Provided by: SHIRLEY KALLIO, ROCKFORD, MI
Reading Bill McKibben’s article in Rolling Stone, “Global Warming’s Terrifying New Math,” was a life-altering experience for me. I have long been an environmentalist and activist, and was early to accept the reality of global warming and humanity’s responsibility for it. I am also a political activist, and I have bitten my lip many a time when climate change did not get acknowledged in the political dialogue at the local and state level, presumably out of fear of lost votes from the climate denial crowd.
But the utter clarity with which McKibben laid out the “physics” of the situation, and the undeniable urgency of abrupt and dramatic action was galvanizing. For me there was no longer any justification whatsoever for being politically discreet about the reality of climate change and that we were quickly running out of time to effectively address it. Climate change has become my life’s top priority, eclipsing every other issue.
And so I have considered it my duty to speak openly of my concern and to actively seek opportunities to do all that I can to encourage others to do so as well, restlessly seeking ways to optimize my contribution to addressing its reversal and mitigating its effect. I furiously object to the idea that “adaptation,” in Rex Tillerson’s words, is the solution.
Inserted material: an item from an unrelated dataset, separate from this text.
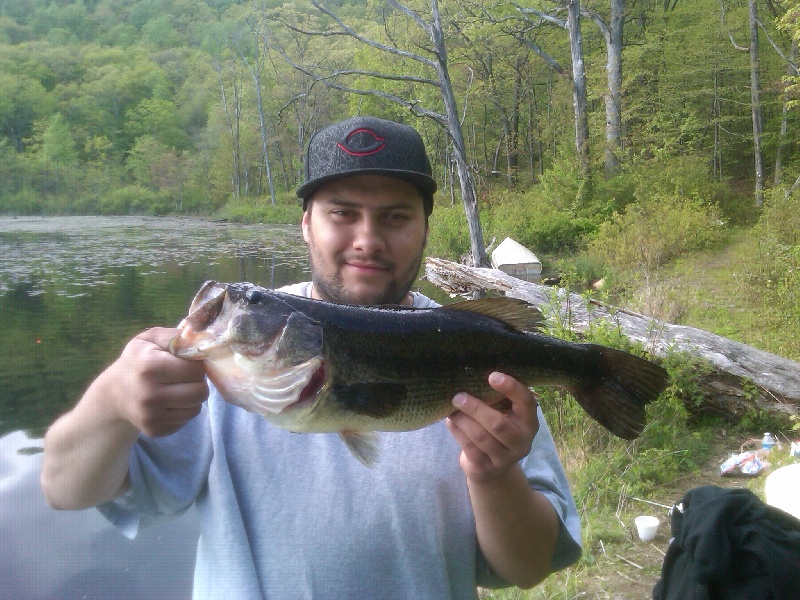 Chestnut Ridge fishing photo 1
The climate crisis touches my home and family very personally. We have tended and treasured for 30 years the passive solar house in which we have lived, and lovingly cultivated a landscape surrounded by woodland in what I call cooperative living with nature, intruding minimally and gently, weeding rather than poisoning, tolerating the inconveniences of wildlife – while enjoying it, stewarding our share of this earth until our son could one day raise his own children here.
Now the prospect of fracking looms less than a third of a mile from our home, on an acreage that abuts three neighborhoods, including our own. And I am terrified that, not only my child and my future grandchildren will confront a future on a barely habitable planet, but that we may also confront – and even more immediately — the personal risk of contaminated well water, degraded air quality in our old age, a transformation of our beautiful rural community, and a seriously depressed home property value, our single significant asset after a lifetime of work.
I have never been able to see myself as a participant in civil disobedience, but I do now give serious thought to the possibility of standing in a human barricade to caravans of delivery trucks to a fracking site. For far too long, when it was other people, in other places falling prey to the power of the fossil fuel industry – coal and the people of Appalachia, for instance – the rest of us have stood by and watched, sympathetic but willing to tolerate. Now we are all living in the sacrifice zone. And unless we can find the will to resist, we will continue to be sacrificed.